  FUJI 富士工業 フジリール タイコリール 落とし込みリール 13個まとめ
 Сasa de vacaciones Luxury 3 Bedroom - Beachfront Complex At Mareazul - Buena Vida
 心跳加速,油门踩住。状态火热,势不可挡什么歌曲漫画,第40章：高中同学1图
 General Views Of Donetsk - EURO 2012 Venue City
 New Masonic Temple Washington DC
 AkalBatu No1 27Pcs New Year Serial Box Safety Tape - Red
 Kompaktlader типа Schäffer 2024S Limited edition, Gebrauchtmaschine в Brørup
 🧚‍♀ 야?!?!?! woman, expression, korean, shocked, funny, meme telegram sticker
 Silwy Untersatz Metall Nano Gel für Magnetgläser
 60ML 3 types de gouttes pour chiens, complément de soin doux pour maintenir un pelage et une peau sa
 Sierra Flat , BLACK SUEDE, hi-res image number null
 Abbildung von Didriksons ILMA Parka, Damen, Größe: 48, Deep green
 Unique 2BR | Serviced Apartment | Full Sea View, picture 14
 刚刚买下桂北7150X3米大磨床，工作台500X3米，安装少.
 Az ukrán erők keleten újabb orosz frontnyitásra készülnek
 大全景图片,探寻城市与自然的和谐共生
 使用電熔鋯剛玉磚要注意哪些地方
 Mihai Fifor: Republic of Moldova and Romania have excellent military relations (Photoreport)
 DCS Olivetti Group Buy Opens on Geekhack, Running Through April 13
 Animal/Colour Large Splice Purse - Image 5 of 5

···

» TASK BRIEF
Each entry above should be repeated exactly, with no line left out.

» RESULT OF THIS EXERCISE
  FUJI 富士工業 フジリール タイコリール 落とし込みリール 13個まとめ
 Сasa de vacaciones Luxury 3 Bedroom - Beachfront Complex At Mareazul - Buena Vida
 心跳加速,油门踩住。状态火热,势不可挡什么歌曲漫画,第40章：高中同学1图
 General Views Of Donetsk - EURO 2012 Venue City
 New Masonic Temple Washington DC
 AkalBatu No1 27Pcs New Year Serial Box Safety Tape - Red
 Kompaktlader типа Schäffer 2024S Limited edition, Gebrauchtmaschine в Brørup
 🧚‍♀ 야?!?!?! woman, expression, korean, shocked, funny, meme telegram sticker
 Silwy Untersatz Metall Nano Gel für Magnetgläser
 60ML 3 types de gouttes pour chiens, complément de soin doux pour maintenir un pelage et une peau sa
 Sierra Flat , BLACK SUEDE, hi-res image number null
 Abbildung von Didriksons ILMA Parka, Damen, Größe: 48, Deep green
 Unique 2BR | Serviced Apartment | Full Sea View, picture 14
 刚刚买下桂北7150X3米大磨床，工作台500X3米，安装少.
 Az ukrán erők keleten újabb orosz frontnyitásra készülnek
 大全景图片,探寻城市与自然的和谐共生
 使用電熔鋯剛玉磚要注意哪些地方
 Mihai Fifor: Republic of Moldova and Romania have excellent military relations (Photoreport)
 DCS Olivetti Group Buy Opens on Geekhack, Running Through April 13
 Animal/Colour Large Splice Purse - Image 5 of 5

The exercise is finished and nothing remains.